The transfer must be smooth and controlled

To maximize smoothness and control, keep your base leg’s muscles active as you extend your base leg’s joints to make the transfer. Make sure you extend all three joints, including your ankle!

  • Do not rush to “collect” your feet. During every step, there is a moment when the natural movement of the legs causes them to pass through the position referred to as “collect”. It should be a natural part of motion with a relaxed free leg. Collect is not a destination. Aiming your body at collect can actually disrupt smooth motion and establishment of the new base leg. Aiming to collect creates tension in the free leg that prevents soft projection. It also kills all your power so you are not ready to move dynamically.
  • You should be able to stop (parada) at any moment during the transfer. To do this, be sure you are controlling your extension with active muscles.

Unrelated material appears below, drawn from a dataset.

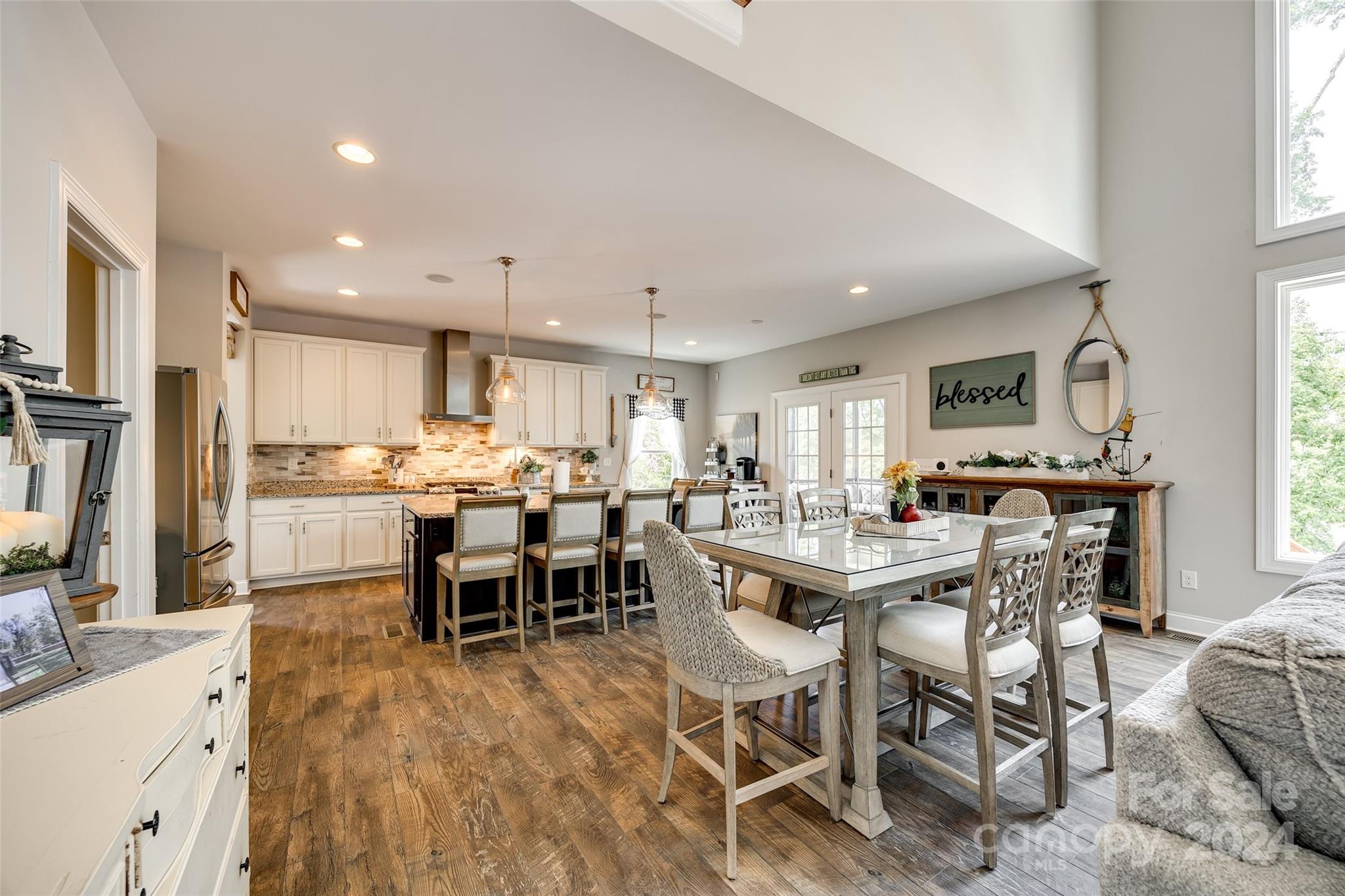 5577 Beaverdam Creek Road Clover, SC 29710 - Photo 12 of 46 Gallery Image 12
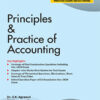 principles and practice of accounting ca foundation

Spirals are made with the obliques

The oblique muscles are responsible for rotation around the spine. These are the muscles that need to work whenever you are doing an ocho or voleo-circular. When your direction includes a pivot or spiral, take the mark’s power and use it to activate your obliques. At the end of your pivot your base leg must be in relative to your projection. The newly free leg should move toward its new direction after the core and the base leg have arrived to the position ready for the new step. When you feel your movement is awkward or not pretty, it’s almost always because you have hurled the free leg ahead of the core and base leg.

It’s the revel’s responsibility to maintain the connection

  • We need to perceive the mark’s power, with both hands positioned to perceive power moving in any direction.
  • Use the entire surface of the hands, all the way to the finger pads, with the revel’s left hand in contact with the front of the mark’s arm as well as the back (in open embrace), or touching the muscles of the mark’s back as close to the spine as possible (in close embrace). No tension is held in the arm muscles and shoulder joints, as this creates unnecessary noise. The joints should be in a gentle and subtle extension of 1-2mm, pay especial attention to the elbow joints.
  • When the revel receives more power from the mark, she takes that power into her base, specifically she flexes knee and hip equally.
  • Spirals/pivots are made with the oblique muscles, which are responsible for rotation of the body.

Myth-busting

  • Forget about stepping. It’s not your job. Focus completely on projecting and then getting your base when you find you are on a new foot.
  • Marks are not responsible for revel’s “axis”, only for not messing with it. We know where it is, they don’t. So it makes more sense for the revel to take care of her base, and the mark to keep embrace relaxed so as not to disrupt it.